## Task description
In the entries below, find the line with "Stressed Seattle landlord" and the line with "1/32 Toyota Initial". Repeat exactly everything between them, those two lines included, but not the pictures.

## Provided data
..............................

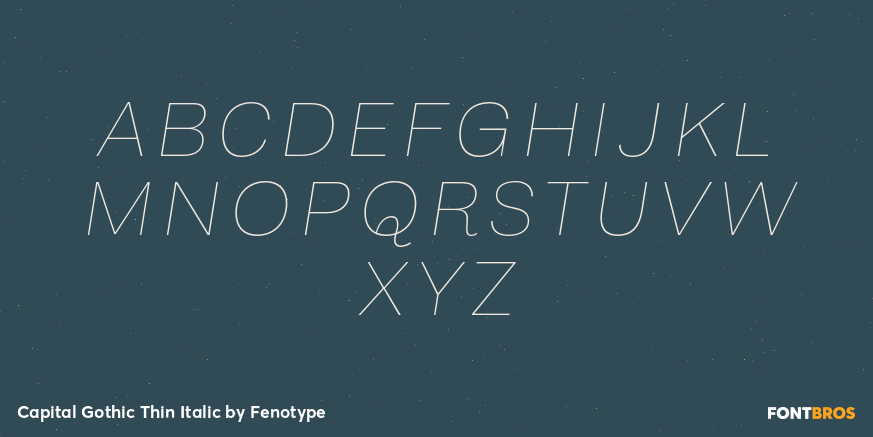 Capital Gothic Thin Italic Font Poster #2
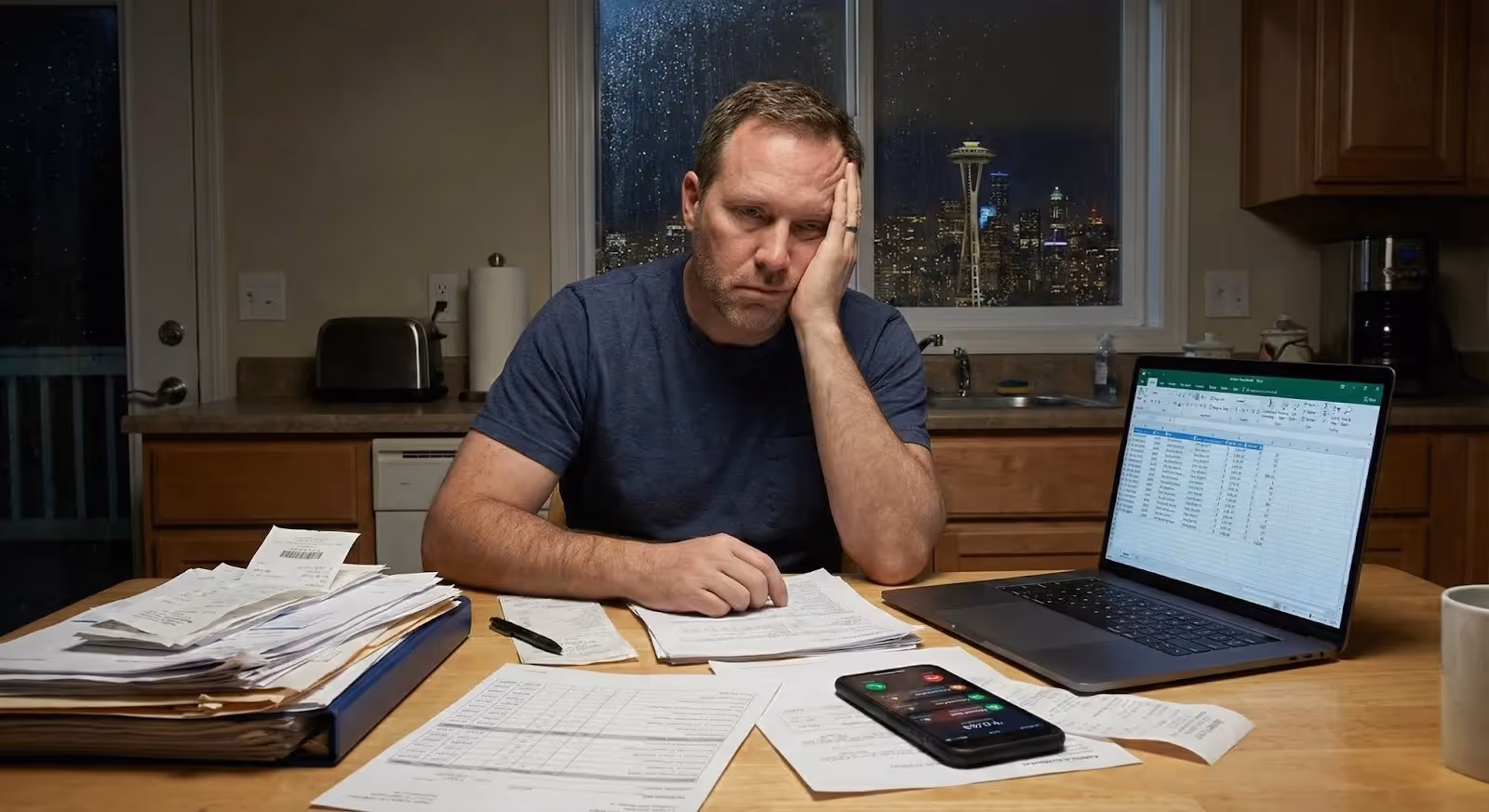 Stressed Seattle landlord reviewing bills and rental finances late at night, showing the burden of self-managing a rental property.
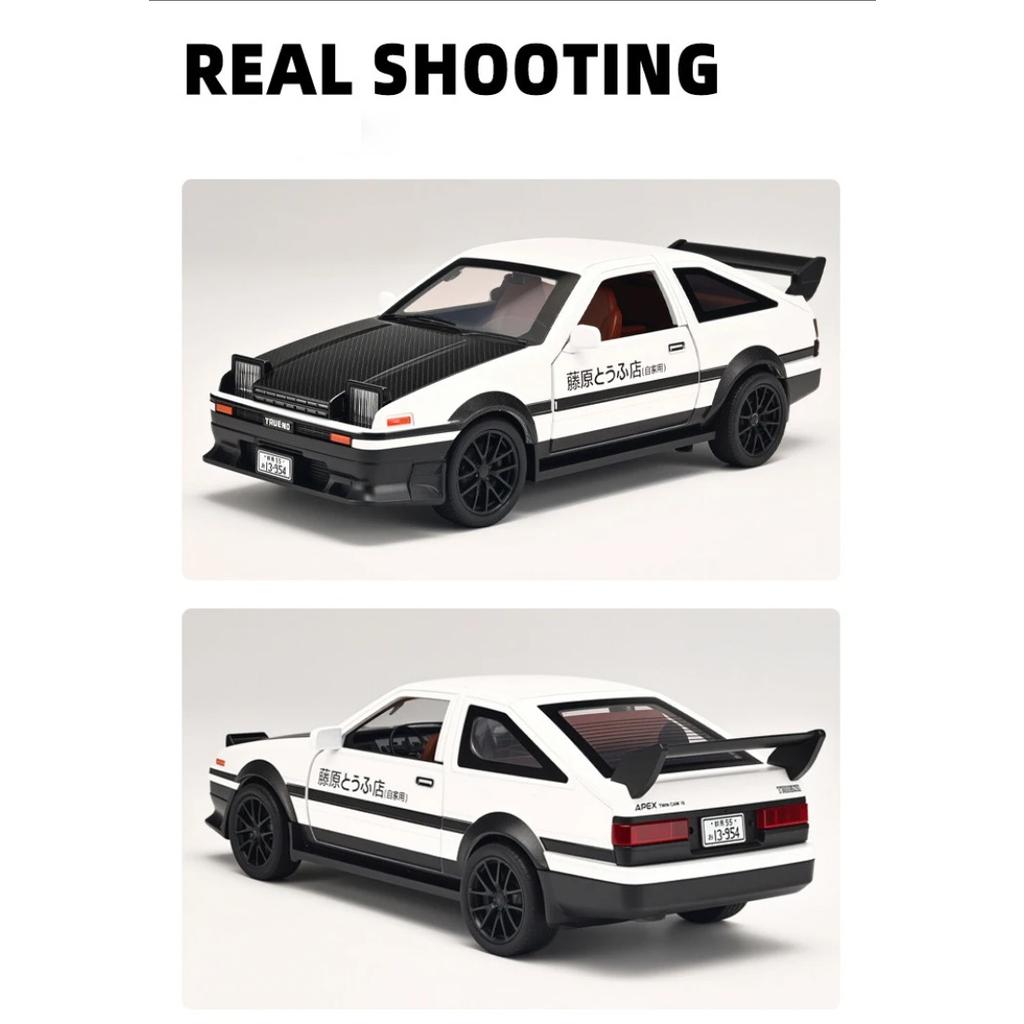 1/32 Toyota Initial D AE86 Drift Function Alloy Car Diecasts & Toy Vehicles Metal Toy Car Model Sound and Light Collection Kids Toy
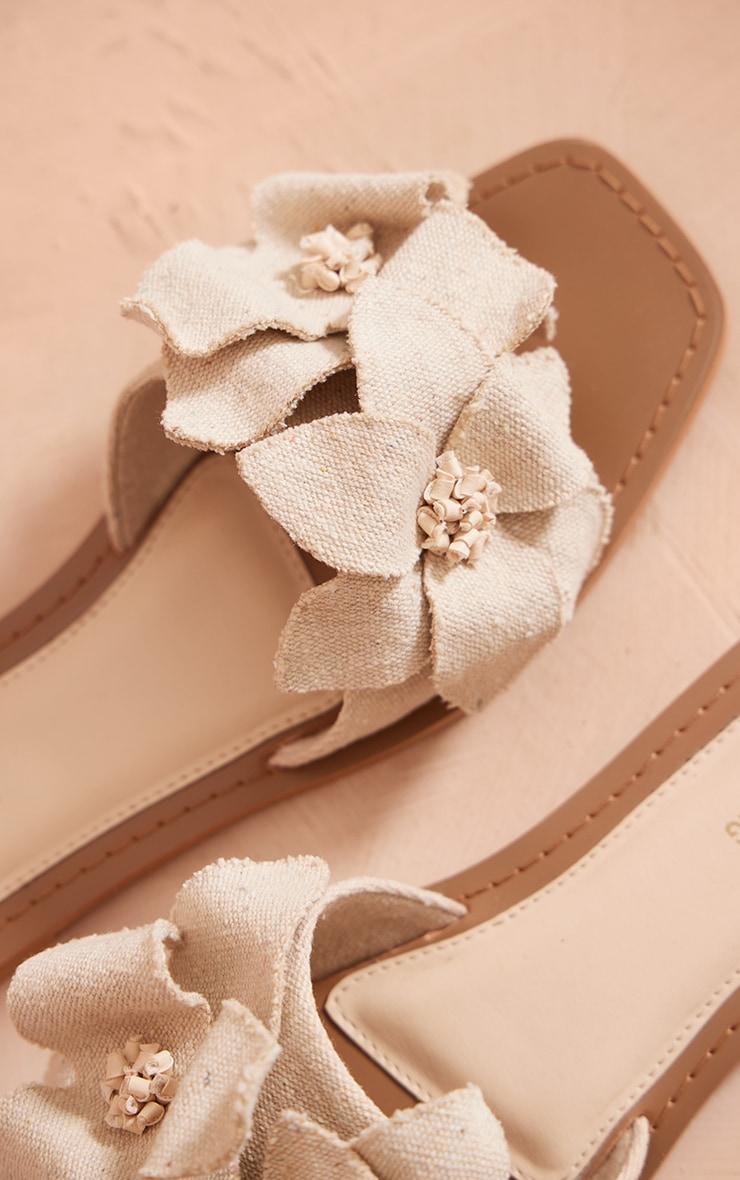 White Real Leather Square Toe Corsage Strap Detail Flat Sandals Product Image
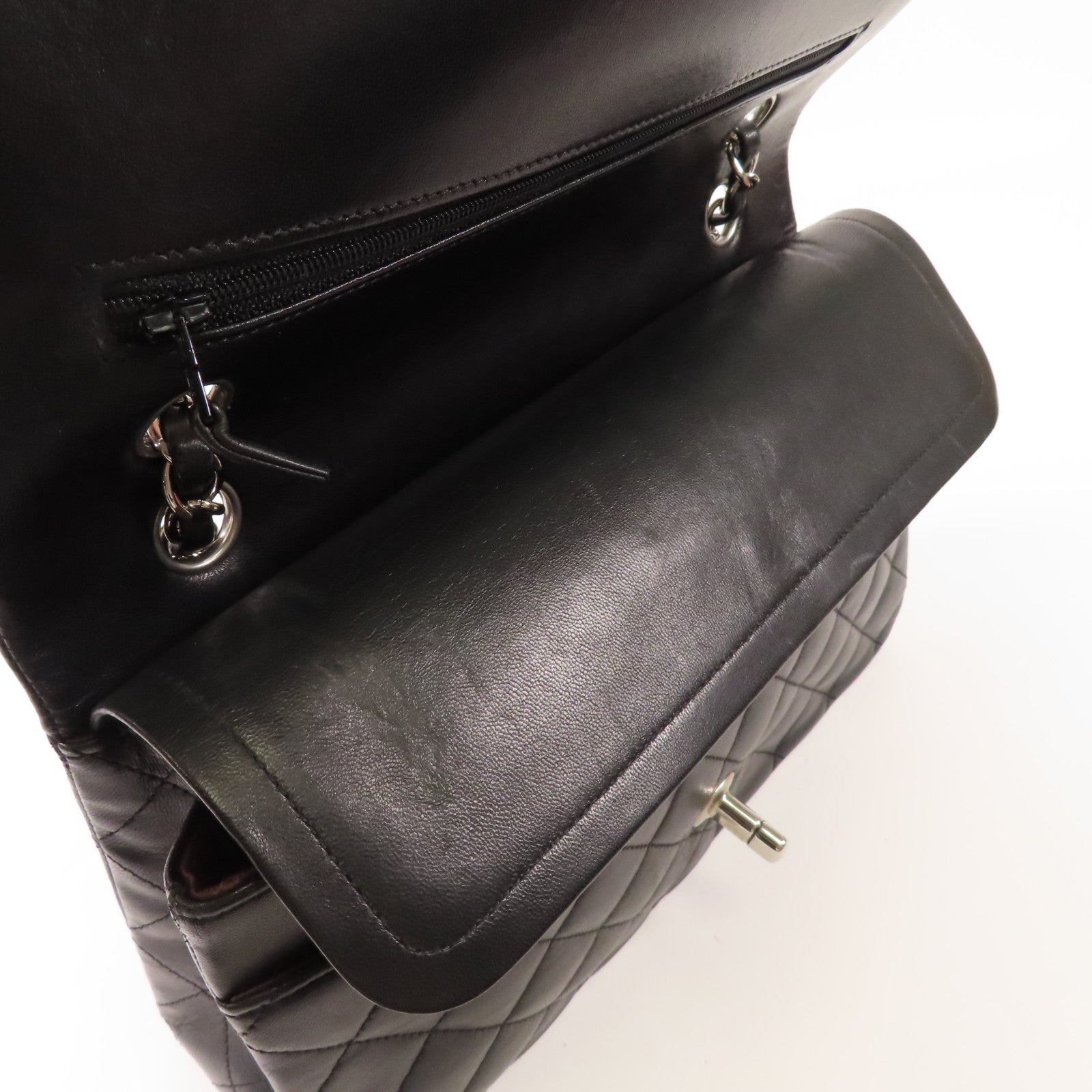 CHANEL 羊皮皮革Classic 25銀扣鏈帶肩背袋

..............................

## Exercise solution
 Stressed Seattle landlord reviewing bills and rental finances late at night, showing the burden of self-managing a rental property.
 1/32 Toyota Initial D AE86 Drift Function Alloy Car Diecasts & Toy Vehicles Metal Toy Car Model Sound and Light Collection Kids Toy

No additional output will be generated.